Chapter Thirteen

Crew reached across the truck and settled his hand on Fern’s. She turned her head, a smile on her lips.

“Thanks for picking me up. The Malones are so kind, lending me their vehicle while mine’s in the shop.”

“They wouldn’t have loaned it to you if they didn’t want to. Besides, they let me drive their ranch trucks too.” He saw the hesitation in Fern whenever she was around the family. And he understood what put it there.

She didn’t feel worthy of their time or attention.

He’d spent more than his fair share of days harboring the same kind of feelings, especially when he first entered the program. But it didn’t take long to see that the family was completely genuine—and asked nothing in return but respect.

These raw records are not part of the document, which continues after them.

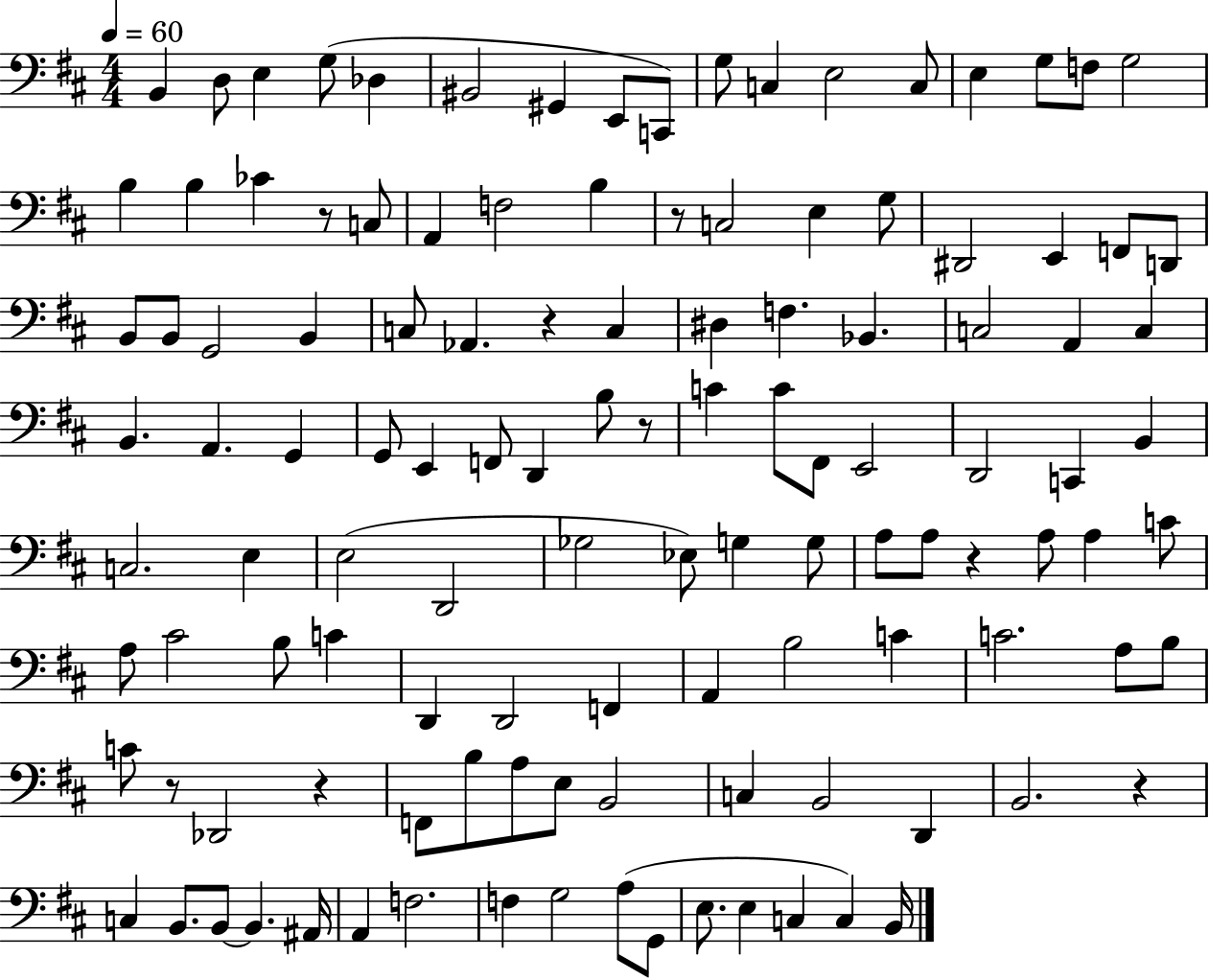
X:1
T:Untitled
M:4/4
L:1/4
K:D
B,, D,/2 E, G,/2 _D, ^B,,2 ^G,, E,,/2 C,,/2 G,/2 C, E,2 C,/2 E, G,/2 F,/2 G,2 B, B, _C z/2 C,/2 A,, F,2 B, z/2 C,2 E, G,/2 ^D,,2 E,, F,,/2 D,,/2 B,,/2 B,,/2 G,,2 B,, C,/2 _A,, z C, ^D, F, _B,, C,2 A,, C, B,, A,, G,, G,,/2 E,, F,,/2 D,, B,/2 z/2 C C/2 ^F,,/2 E,,2 D,,2 C,, B,, C,2 E, E,2 D,,2 _G,2 _E,/2 G, G,/2 A,/2 A,/2 z A,/2 A, C/2 A,/2 ^C2 B,/2 C D,, D,,2 F,, A,, B,2 C C2 A,/2 B,/2 C/2 z/2 _D,,2 z F,,/2 B,/2 A,/2 E,/2 B,,2 C, B,,2 D,, B,,2 z C, B,,/2 B,,/2 B,, ^A,,/4 A,, F,2 F, G,2 A,/2 G,,/2 E,/2 E, C, C, B,,/4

“Are you nervous about being around the ladies today?” he asked in a low voice he’d use around the horses.

Her chest inflated on a deep breath. She let it out with a noisy sigh and nodded. “It’s silly, I know. My own hangup. But they’re all so beautiful and talented. And I’m just…me.”

He squeezed her hand. “Honey, you are all those things too. And more.”

When she looked at him, he saw the glimmer in her eyes that told him she was trying to believe in herself and what others saw in her.

But he’d been in enough therapy sessions to know healing took time. And she would see what others saw in her when she was ready.

They settled into the drive, a country tune projecting at low volume through the speakers and the breeze washing through the truck from the open windows.

Fern pointed things out along the road—someone’s new fence, a stretch of wildflowers she wanted to harvest seeds from later—and he listened, half to her voice and half to the way it felt to have her beside him, relaxed enough to notice small things again.

When they pulled up in front of the big garage, Felicity came outside to meet Fern.

Fern unbuckled and smiled at him. “I’ll see you in a little while.”

“Have fun,” he replied, meaning it.

She slid out of the truck and was immediately drawn deep in conversation with Felicity, their laughter carrying on the breeze. Crew climbed out, watching her for a second longer than necessary, then turned when a familiar hand clamped onto his shoulder.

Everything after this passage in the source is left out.